As explained in a poster presented at the 2018 NCRI Conference in Glasgow, UK, the approach uses genetic variants that have a robust association with potential risk factors to assess causality, with chronotype (ie, preference for morning or evening), sleep duration, and insomnia the factors investigated in the current study.

Using self-reported data on the sleep behaviors of 156,848 participants of the UK Biobank, 7784 of whom had a breast cancer diagnosis, the investigators found an inverse but nonsignificant relationship between morning preference and breast cancer risk in a one-sample Mendelian randomization analysis. The hazard ratio (HR) was 0.85 per category increase, where the categories were defined as definite evening preference, intermediate evening preference, don’t know, intermediate morning, and definite morning preference.

The findings were statistically significant when a multivariable model adjusting for a raft of confounders was applied to the same data, with an HR of 0.95 per category increase.

And the protective effect of morning preference was also seen in a two-sample Mendelian randomization analysis of Breast Cancer Association Consortium data from 122,977 breast cancer patients and 105,974 controls, which gave a significant inverse-variance weighted odds ratio of 0.88 per category increase.
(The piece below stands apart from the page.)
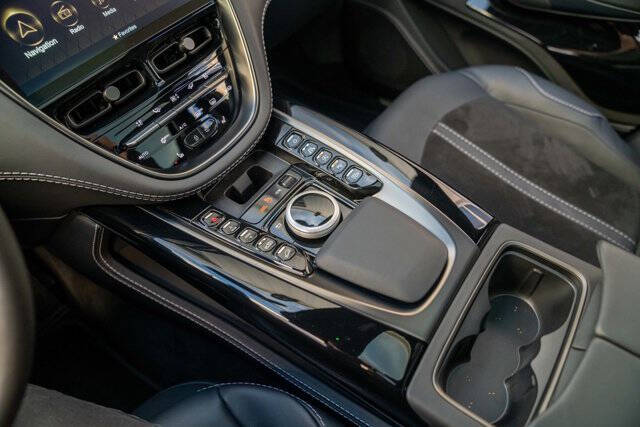 2022 Aston Martin DBX 24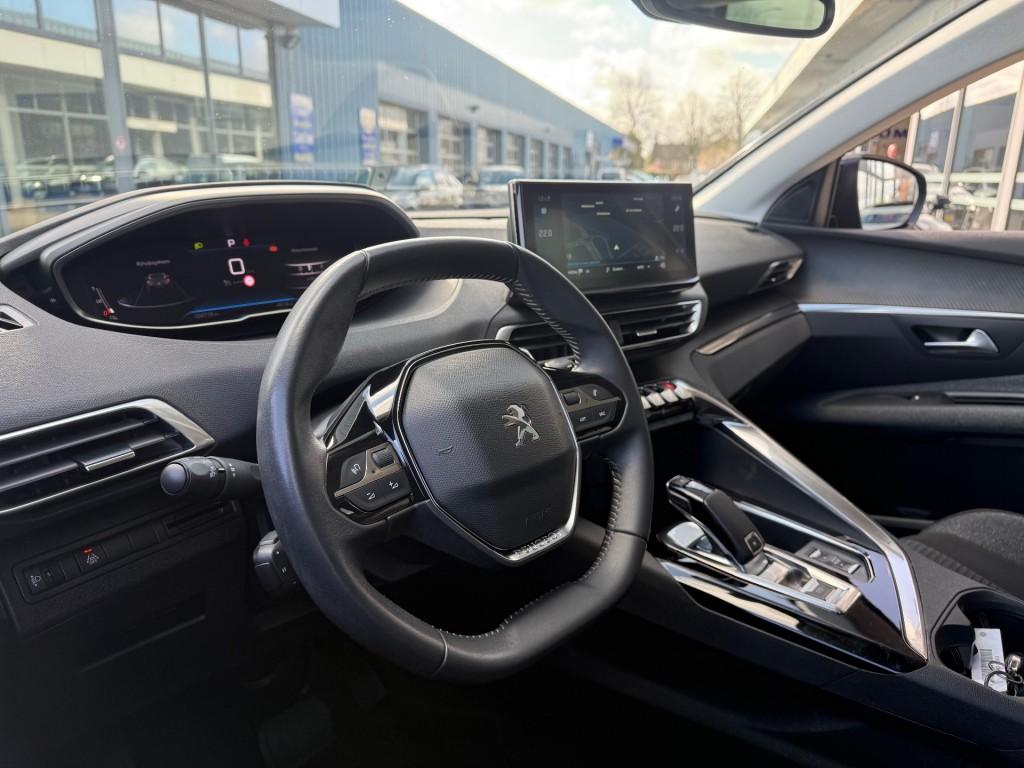 Peugeot 3008 1.2 130PK AUTOMAAT PURETECH ACTIVE-PACK NAVI LM, Automaat, Gebruikt, 1199 cc, Bedrijf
This analysis also pointed to an adverse effect of increased sleep duration, but this was not observed in either the one-sample Mendelian randomization or multivariable analyses. And there was “[l]ittle evidence for a causal effect of insomnia” in any of the analyses, the researchers noted in the poster.

Presenting author Rebecca Richmond, from the University of Bristol in the UK, told medwireNews that these results are aligned with previous epidemiologic and experimental studies that have identified night shift work and light exposure at night as potential carcinogenic factors for breast cancer.

She added that the immediate next steps now are to investigate the biology – to unpick whether the underlying mechanisms are hormonal or metabolic in nature – and to evaluate sleep behaviors as a potential causal mechanism for other cancers in which circadian disruption has been implicated, such as prostate and colorectal cancer.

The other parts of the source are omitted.